- Prompt
For this exercise, print the listing below exactly, without its pictures.

◆ ◆ ◆ ◆

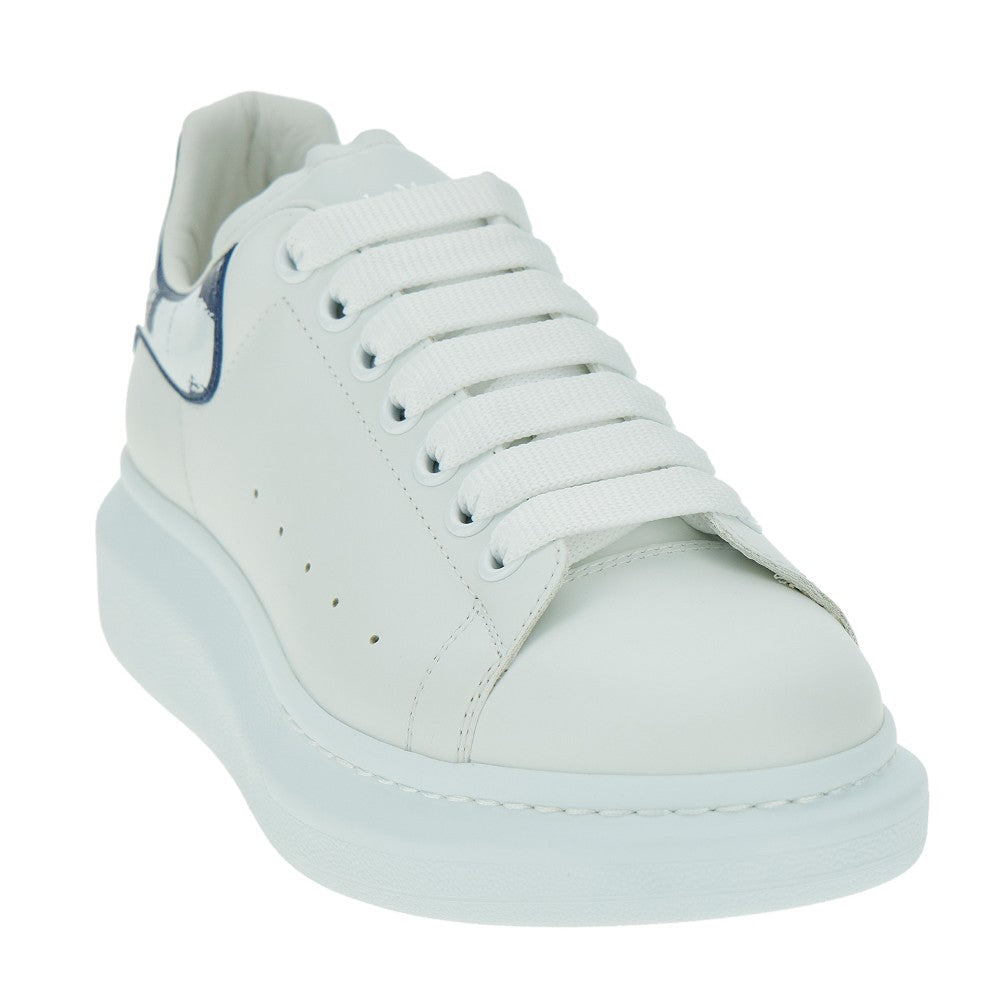 Sneakers Oversize con spoiler effetto denim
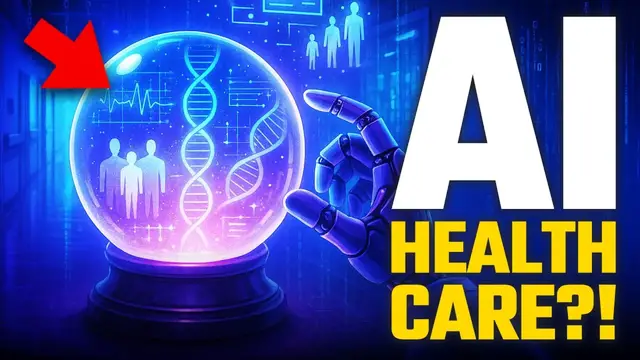 'Video thumbnail for The Rise Of AI Is Changing The Future Of Medicine'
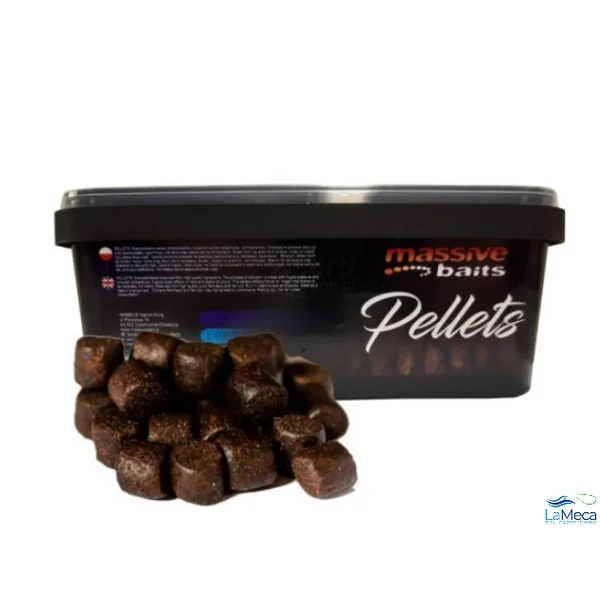 MASSIVE BAITS VARIO MIXED PELLETS S 1,5-10MM 0,75KGGR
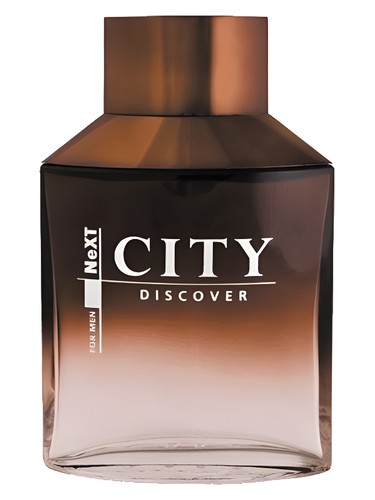 Frasco de Discover, de City Parfum
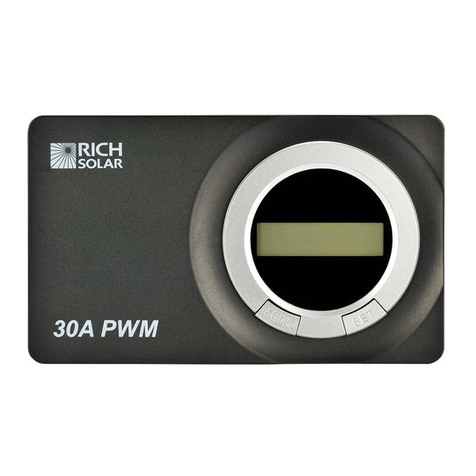 Rich Solar RS-PWM30RV user manual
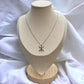 Collier homme signe amazigh argenté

◆ ◆ ◆ ◆

- Answer to this exercise
 Sneakers Oversize con spoiler effetto denim
 'Video thumbnail for The Rise Of AI Is Changing The Future Of Medicine'
 MASSIVE BAITS VARIO MIXED PELLETS S 1,5-10MM 0,75KGGR
 Frasco de Discover, de City Parfum
 Rich Solar RS-PWM30RV user manual
 Collier homme signe amazigh argenté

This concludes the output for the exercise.